I recently moved to a new home. One afternoon, while chatting with some of my new neighbors - both of whom had several children - one of them asked me what I "did."

"I stay at home," I said.

"That must be nice," said one neighbor.

I explained that I had a lot of health problems that prevented me from working.

"Well," the neighbor amended, "that must be nice when you're well, at least."

That conversation has stuck with me ever since - a perfect example of how difficult it can be to explain a chronic invisible illness to a friend or acquaintance. I found myself struggling to find a way to clarify that really, I am never "well," according to most standards. Like many people who live with chronic illness, my life is more a matter of "more sick" and "less sick," rather than "sick" and "well."

Living with a chronic invisible illness or disability - something that isn't easily apparent to those around you - can be frustrating and even, at times, disheartening. Not only is it often hard to plan your days around chronic pain, fatigue or illness, it can be equally hard to deal with friends and family who have a hard time seeing past the fact that you "don't look sick".

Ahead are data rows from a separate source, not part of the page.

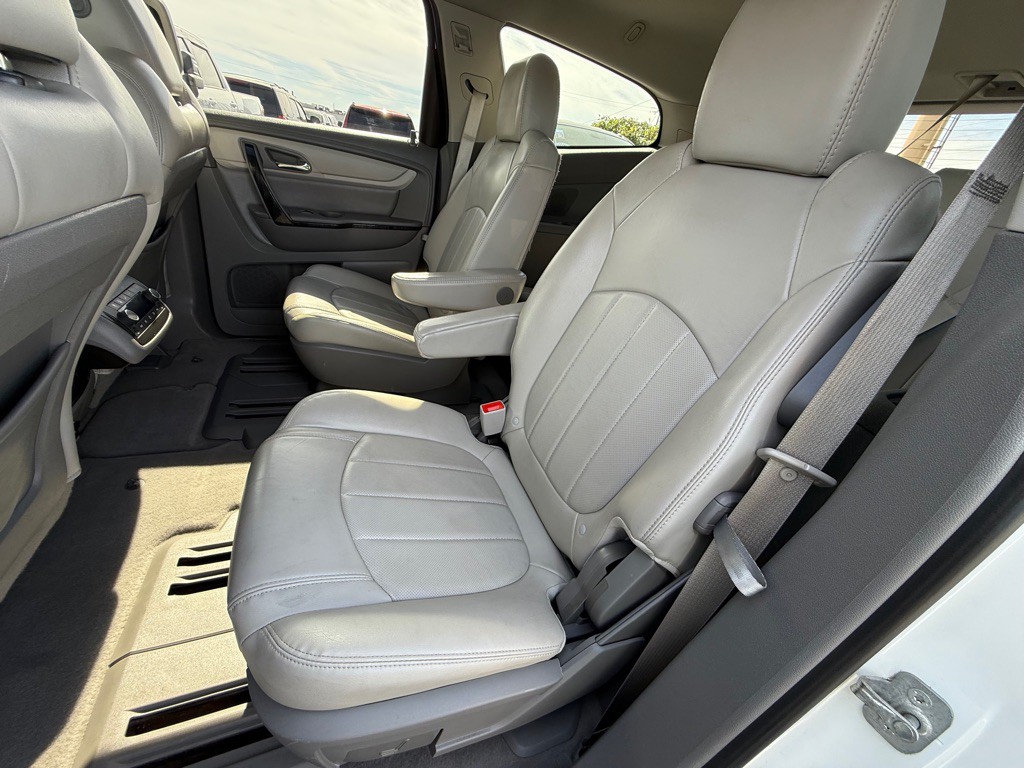 2015 Chevrolet Traverse Image 18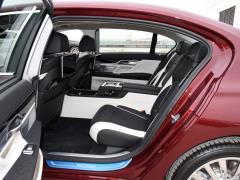 Рестайлинг 740Li xDrive Huacai Custom Limited Edition 2019 года 2019 facelift 740Li xDrive Huacai customized limited edition Фото 48 из 89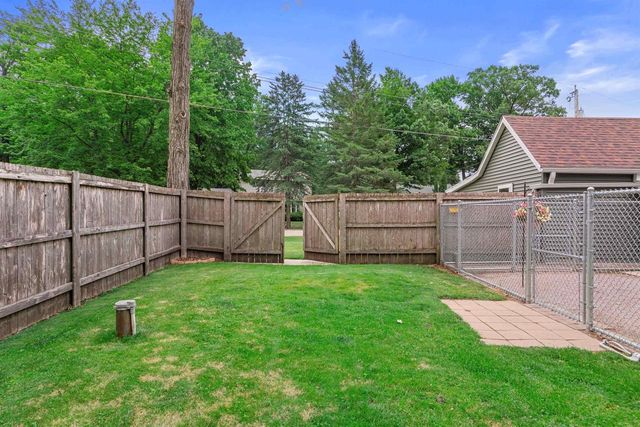 4831 N Beach Road, Wisconsin Rapids, WI 54494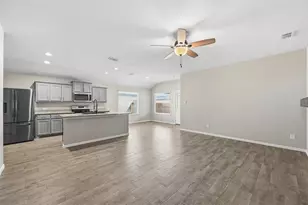 405 Houndstooth Dr, Fort Worth, TX 76131 - Photo 4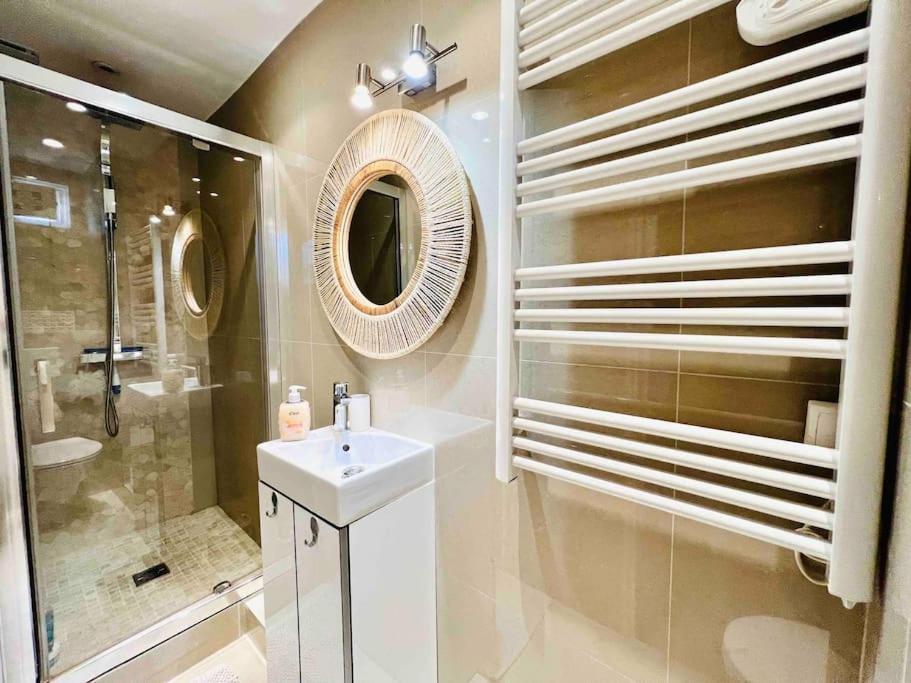 Apartment Centre , Magnifique , 5 Min Palais *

However, with patience and compassion - for others and yourself - it's possible to live a rich, fulfilling life, even with a chronic illness.

Recognize your limits

When living with any kind of chronic condition, it's important to recognize your limits. It can be tempting to push yourself too hard, especially in a society that praises those who push past the outer limits of endurance, but doing so usually results in more pain, fatigue, and limitation down the road.

Learn to conserve your energy and recognize your limits, so that you are able to enjoy the tasks you are able to do.

Learn your body

Every chronic illness patient is different, and what works for one might not work for another. Keep track of activities that lead to increased pain or fatigue, as well as activities that help rejuvenate and relax you.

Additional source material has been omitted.